Since that day, the country has become “very militarised”, according to some analysts, who fear that military-style thinking and practices will hold Thailand back rather than allow it to move forward.

 

Associate Professor Thitinan Pongsudhirak, director of Chulalongkorn University’s Institute of Security and International Studies in the Political Science Faculty, said Thai politics had become very militarised over the past three years, given that army officers had taken key positions of political power and corporate interest, with roles as law-makers and becoming directors in state enterprises.

 

This level of militarisation and the ubiquitous role of the military, he said, had not been seen since the 1950s and 60s. The pendulum in civil-military relations had clearly swung in the generals’ favour.

 

“It is evident that Thailand has a military government, overseen by a junta,” Thitinan said. “It is astonishing that not long ago many people thought Thailand was in the process of democratic consolidation.”

 

The more the military became involved in politics, the more its role became more entrenched, he said. What can be clearly seen is the military has sought to ensure long-term “supervision” of Thai politics via the drafting of a new constitution.

 

This, he said, meant Thai society was likely to see more tension ahead that may end up being resolved through conflict and confrontation.

 

In this sorry state of affairs, civilian politicians are equal culprits, he said, partly because elected politicians were not able to build enough legitimacy and popular support to sustain their rule.
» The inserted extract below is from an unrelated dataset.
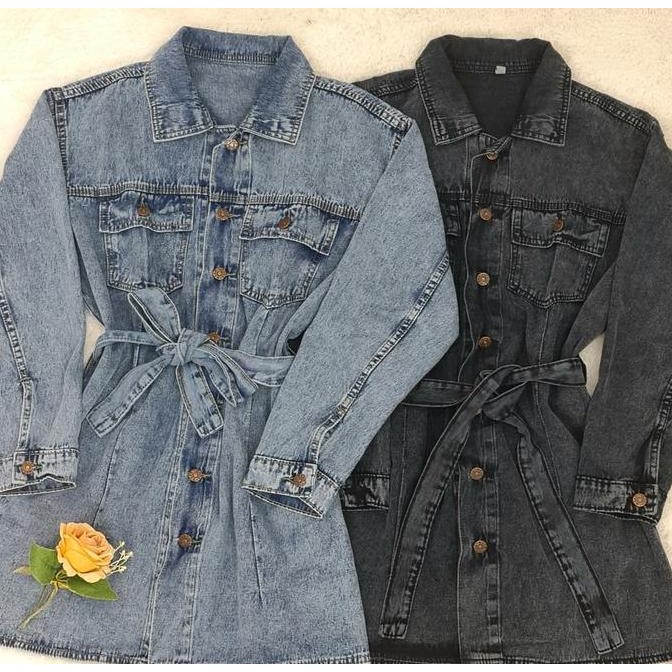 Minola Jaket Aurell Atasan Jeans Long Tunik Kancing Tebal Syar'i Muslimah Wanita Dewasa Lengan Panja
If people had more faith in elected politicians, the last two coups would have been much harder to stage, but this does not mean military generals are any better, Thitinan said.

 

“After three years, it is clear once again that there is no such thing as a good coup. The initial intention of the coup-makers may have been noble but eventually the reality will be about their power and interests,” he said.

 

General Ekkachai Srivilas, director of the Office of Peace and Governance at King Prachadipok Institute, said General Prayut Chan-o-cha and his team were better off in mapping out strategies and goals, but the shortcoming of being military officers was that they had studied the same set of knowledge and thinking. Plus, military grooming meant that hardly anyone dared to argue with their seniors. As a result, hardly any innovation, political or social, was likely to occur, he said. 

 

But the world was complex, he said, so the old sets of military knowledge and thinking could not keep up. Military people, he said, focus mostly on security issues, while leaving other facets and considerations behind.

 

Thailand has a challenge in relation to its structures, regimes and more importantly, the quality of its people, he said. 

 

Without realising these facts and having the flexibility to adjust their way of thinking to embrace them, it was very likely that people would be led into a new “black hole”.

 

“You must realist that the military are not groomed or taught to work in politics,” Ekkachai said. “We are taught to fight and win over enemies, but the very fact at present is Thai people are not enemies that the military have to fight and win over. 

 

“This will not be made possible by exercising hard powers but hearts. Power may help you get things done, but that is just temporary.”

 

Ekkachai believed that the military plan to fade out of politics one day, but said they would stay because this is a transitional period. He suggested that they should open their minds more and listen to others.

 

“There is one fact that we have to accept – the military can never go along with democracy. They are contradictory to one another by nature. The military should learn more, of the world around them, and of people around them,” the retired general said.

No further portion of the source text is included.